(ASI) Paura, decessi e terrore. E’ difficile trovare ulteriori termini per definire quanto sta accadendo, da domenica sera, in Medioriente.
Sono drammatiche le foto e le immagini, divulgate su internet, che ritraggono palazzi crollati, macerie, persone decedute o ferite. I civili sono coloro che pagano, ovviamente da una parte e dall’altra, le conseguenze di scelte politiche incomprensibili e non giustificate davanti all’opinione pubblica. Nessuno ha spiegato ancora, infatti, che cosa abbia spinto l’esercito israeliano a inviare, non più di 48 ore fa, un proprio commando nella città di Khan Younis per uccidere un esponente di Hamas e altri suoi militanti, visto che la situazione tra le parti si era, nei giorni precedenti, tranquillizzata. Tel Aviv tace, davanti a tale improvviso riacutizzarsi delle tensioni, magari con la scusa di non violare il “segreto militare” inerente a informazioni sensibili.
Le conseguenze
L’iniziativa non è stata priva però di effetti deleteri, in quanto ha generato la comprensibile reazione palestinese e la contro risposta del vicino sionista. E’ emerso quindi un vortice di violenza che nessuno sembra essere in grado di fermare, nonostante i tentativi, purtroppo falliti, dell’Egitto. La diplomazia prosegue, tuttavia, il proprio lavoro per disinnescare la crisi, in quanto è cosciente della sua possibile estensione a livello regionale e mondiale. Le sirene antimissile continuano a suonare nel frattempo, come campane che preannunciano morte, in numerose città del paese di Benjamin Netanyahu. Le organizzazioni di Gaza hanno inviato più di 400 razzi (scelta forse mai concretizzata prima d’ora), da ieri pomeriggio, contro il territorio nemico e hanno ripreso, dopo una breve pausa notturna, la loro attività in mattinata. I jet con la Stella di David continuano a martellare la Striscia, non effettuando le dovute distinzioni tra gli obiettivi. L’importante è ridurre tutto al suolo: le strutture dei servizi segreti, gli edifici che ospitano gli studi di canali televisivi ostili per fermare la propaganda, gli alberghi, i simboli culturali come la Torre di Gaza e i tunnel per impedire il rifornimento di armi. L’aviazione ha minacciato persino di distruggere il parlamento palestinese astenendosi, almeno per il momento, da tutto ciò. Le realtà locali paiono volere utilizzare vettori, con raggi più ampi, per raggiungere Gerusalemme, o altre città importanti. Non si vedeva un conflitto del genere, nell’area in questione, almeno dal 2014.
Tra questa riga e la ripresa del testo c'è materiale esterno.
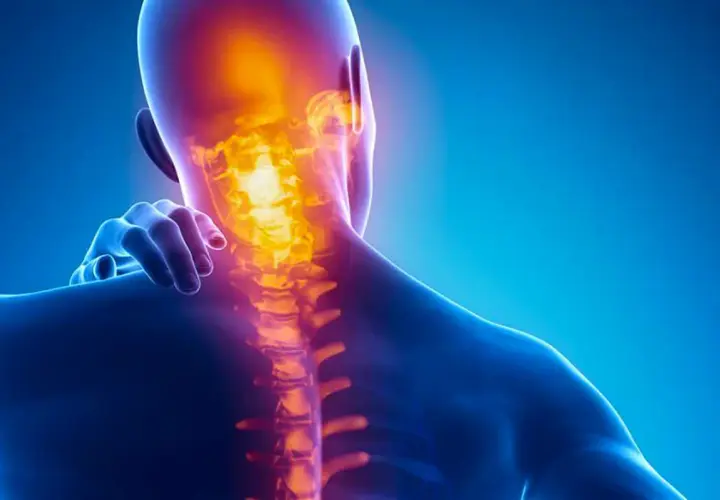 Dolore alla cervicale: un'illustrazione anatomica mostra la colonna vertebrale cervicale illuminata da un bagliore arancione, indicando infiammazione o dolore.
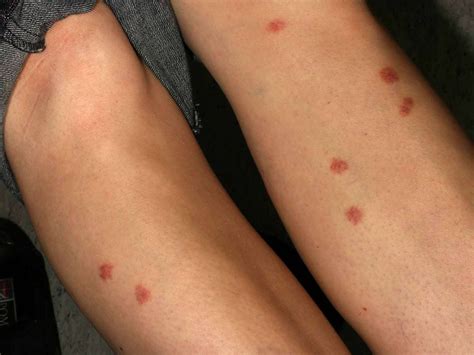 Types of Bug Bites: Symptoms and Treatments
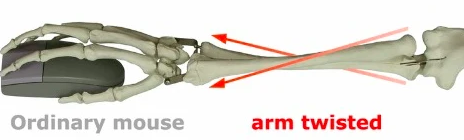 pronation of upper arm 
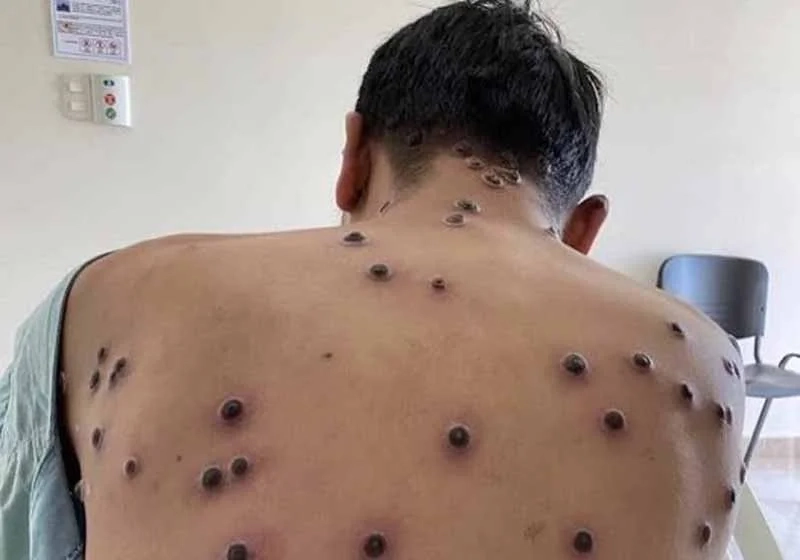 mpox-84294f33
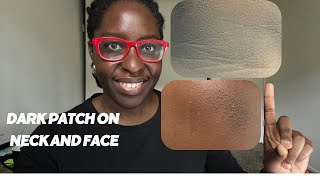 Acanthosis Nigricans The Skin Condition That Warns You About Diabetes [upl. by Intruok]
Le reazioni internazionali
La preoccupazione cresce, nel mondo, per gli eventi in corso. La Russia, il Qatar e l’Unione Europea hanno chiesto l’immediata cessazione di ogni attività bellica. Il presidente palestinese, Mohammed Abbas, ha interrotto la propria visita in Kuwait per rientrare d’urgenza a Ramallah per seguire l’evolversi della situazione. Il numero uno d’oltreoceano, Donald Trump, monitora quest’ultima, secondo alcune fonti, con i propri consiglieri dalla sala emergenze (situation room, Peoc) della Casa Bianca. La sua amministrazione avrebbe ribadito il proprio appoggio all’azione militare dell’alleato israeliano.
Le alleanze
L’appoggio indiscusso di Washington, nei confronti di Tel Aviv, è principalmente in funzione anti iraniana. Entrambi vedono i Pasdaran come un pericolo regionale per il sostegno offerto ad Hamas, organizzazione considerata una minaccia alla sicurezza nazionale di Israele. Non bisogna dimenticare, in tale risiko”, anche la crisi siriana. Il governo di Damasco è appoggiato da quello di Teheran ed entrambi beneficiano della protezione del Cremlino e della Cina. Lo spazio aereo del territorio, controllato dal rais Bashar al – Assad, è stato “sigillato” grazie alla decisione di Vladimir Putin di dislocare i sistemi missilistici S 300 dopo l’abbattimento di un velivolo di Mosca da parte dei caccia di Netanyahu. E’ molto più difficile ora, per Usa e Israele, entrare nella zona senza correre seri rischi che si riflettono, quasi automaticamente, sulla stabilità dell’intera comunità internazionale.